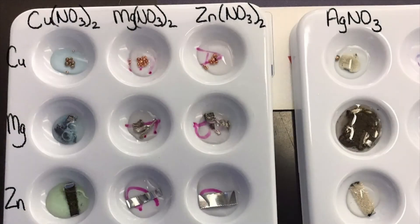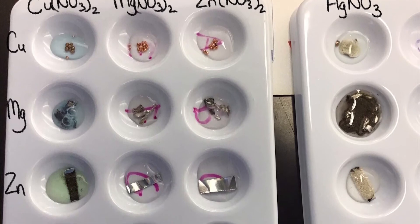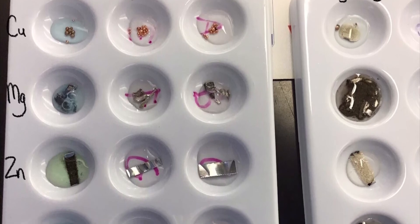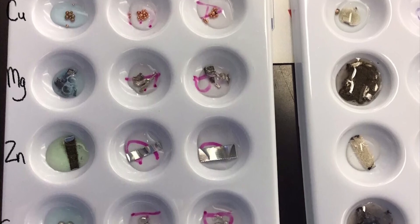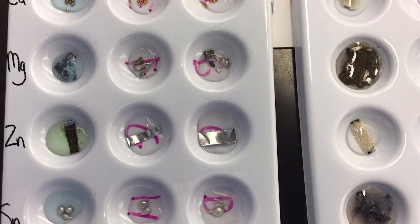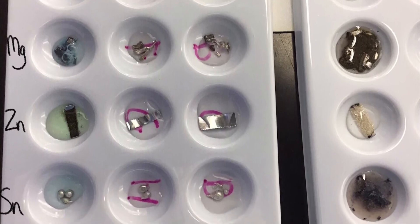You'll want to pause and rewind to record our results. In this image we can see all of our results laid out in the exact same order as they are in your data table. Take a few minutes to pause the video and record the results of what you see for each of the reactions. Look for bubbles and color changes.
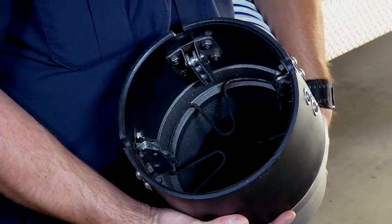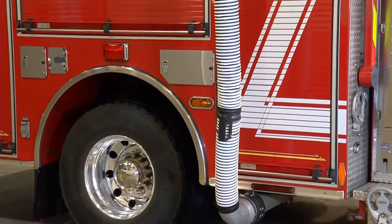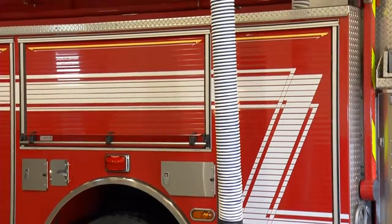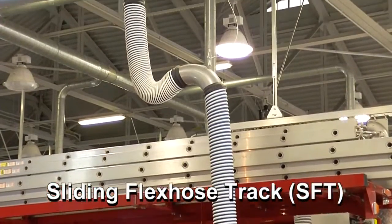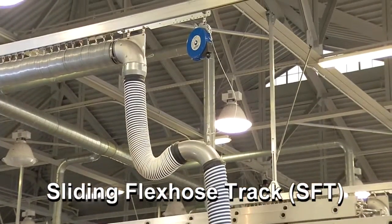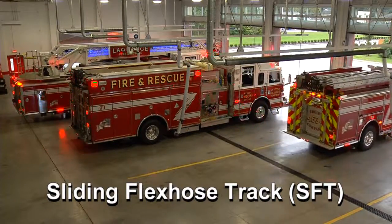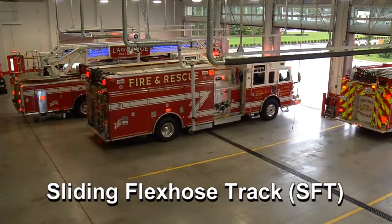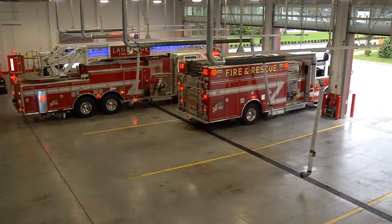MagnaGrip was strictly magnets that helped the system facing and unfacing. As I started investigating MagnaGrip, they had several systems — one was what I call the slinky system. That's what you see behind us, where each bay has its own exhaust tube, no electrical or air hookups. You just start it up, the exhaust system kicks on, you drive out, it pops off. And that's what we wanted.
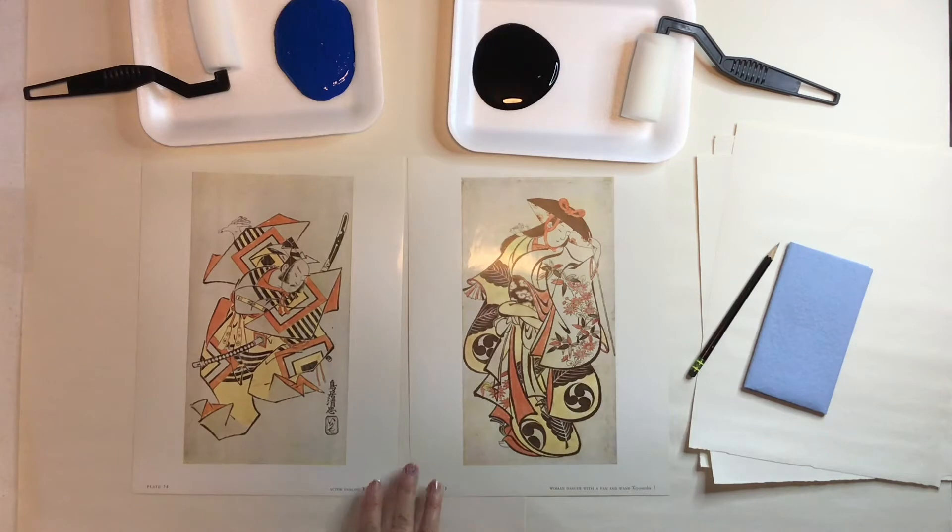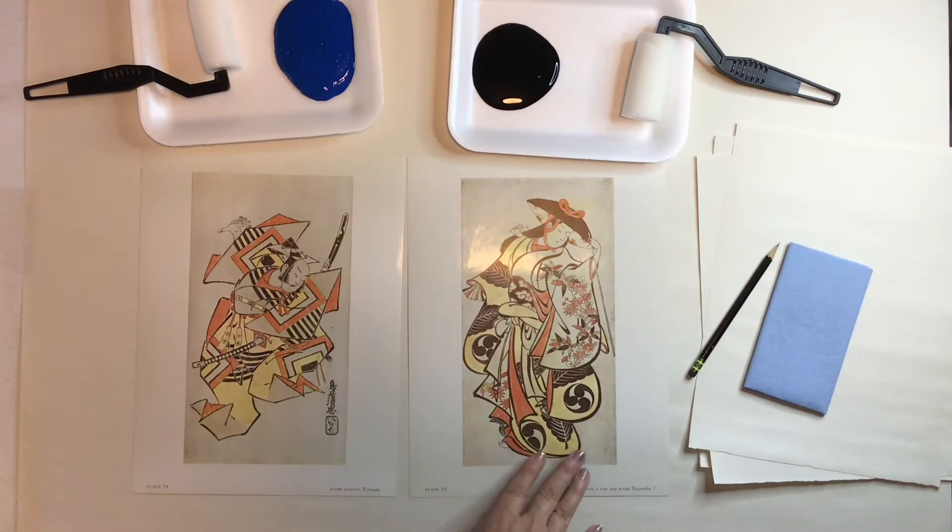The father Tori Kiyonobu did this print called the woman dancer with a fan and he taught his son Kiyotare how to do print screening and block screening. His son did a block print called actor dancing. They made pieces of artwork about four and a half inches wide and 11 inches high, sold as souvenirs for visitors to Tokyo. You could go to the souvenir shop and purchase them to take home — it was really revolutionary, kind of the birth of screen printing.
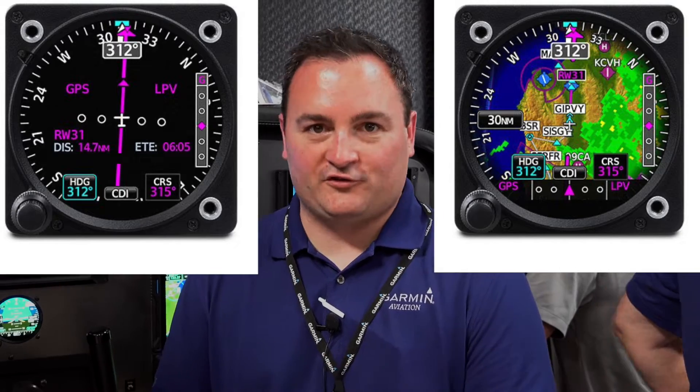And then lastly, on the GI-275, when it's set up as an attitude indicator, you can see we've got the option for synthetic vision, which is one option that the G5 does not have. Also, when the GI-275 is configured as an HSI, you can overlay that HSI on a moving map, which is really helpful for situational awareness, whereas the G5 just has a traditional HSI.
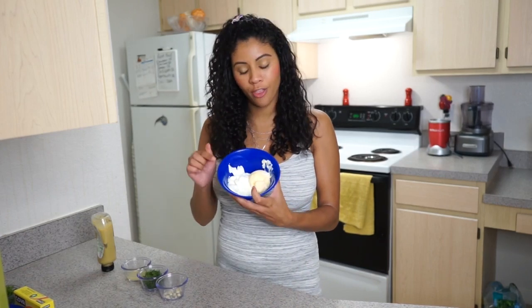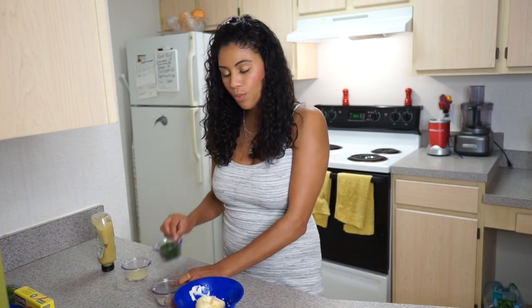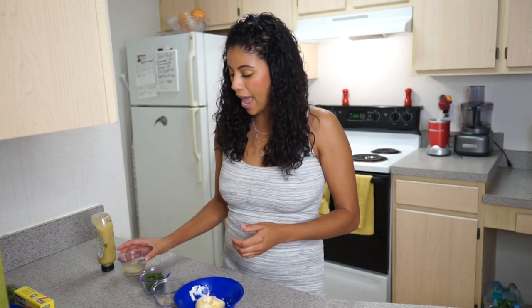Welcome back to Dash of Charm. Today we're making a fresh dill sauce. I've already got started a third cup of sour cream, a third cup of mayonnaise, a couple cloves of garlic, fresh dill leaves, a little bit of lemon juice for flavor, and a touch of Dijon mustard. Let's get started.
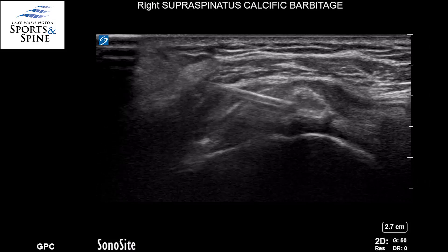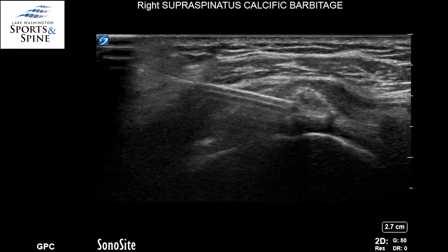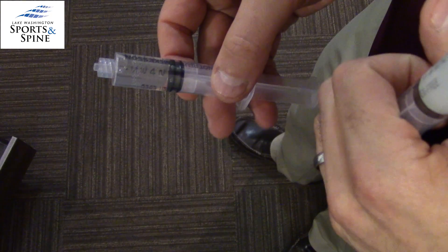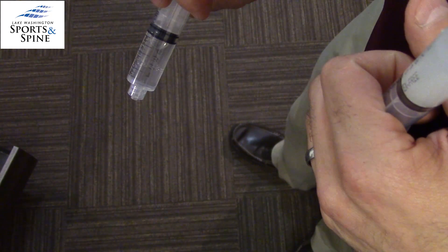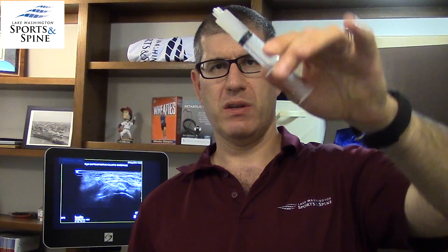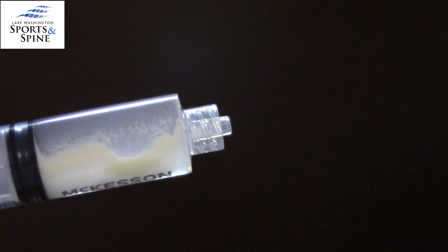Again, we can see the calcium fluid going in and the material pulling out. This is going to be the fluid before we put it in — this is a numbing agent called lidocaine, and you can see it's a very clear liquid. This is going to be the fluid afterwards — it has powdery white calcium deposits that we basically pulled out of that calcific tendon.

+--

[Work instructions]: Without any of its pictures, the listing is to be repeated exactly as it stands.

[Exercise response]:
You'll want to pause and rewind to record our results. In this image we can see all of our results laid out in the exact same order as they are in your data table. Take a few minutes to pause the video and record the results of what you see for each of the reactions. Look for bubbles and color changes.
MagnaGrip was strictly magnets that helped the system facing and unfacing. As I started investigating MagnaGrip, they had several systems — one was what I call the slinky system. That's what you see behind us, where each bay has its own exhaust tube, no electrical or air hookups. You just start it up, the exhaust system kicks on, you drive out, it pops off. And that's what we wanted.
The father Tori Kiyonobu did this print called the woman dancer with a fan and he taught his son Kiyotare how to do print screening and block screening. His son did a block print called actor dancing. They made pieces of artwork about four and a half inches wide and 11 inches high, sold as souvenirs for visitors to Tokyo. You could go to the souvenir shop and purchase them to take home — it was really revolutionary, kind of the birth of screen printing.
And then lastly, on the GI-275, when it's set up as an attitude indicator, you can see we've got the option for synthetic vision, which is one option that the G5 does not have. Also, when the GI-275 is configured as an HSI, you can overlay that HSI on a moving map, which is really helpful for situational awareness, whereas the G5 just has a traditional HSI.
Welcome back to Dash of Charm. Today we're making a fresh dill sauce. I've already got started a third cup of sour cream, a third cup of mayonnaise, a couple cloves of garlic, fresh dill leaves, a little bit of lemon juice for flavor, and a touch of Dijon mustard. Let's get started.
Again, we can see the calcium fluid going in and the material pulling out. This is going to be the fluid before we put it in — this is a numbing agent called lidocaine, and you can see it's a very clear liquid. This is going to be the fluid afterwards — it has powdery white calcium deposits that we basically pulled out of that calcific tendon.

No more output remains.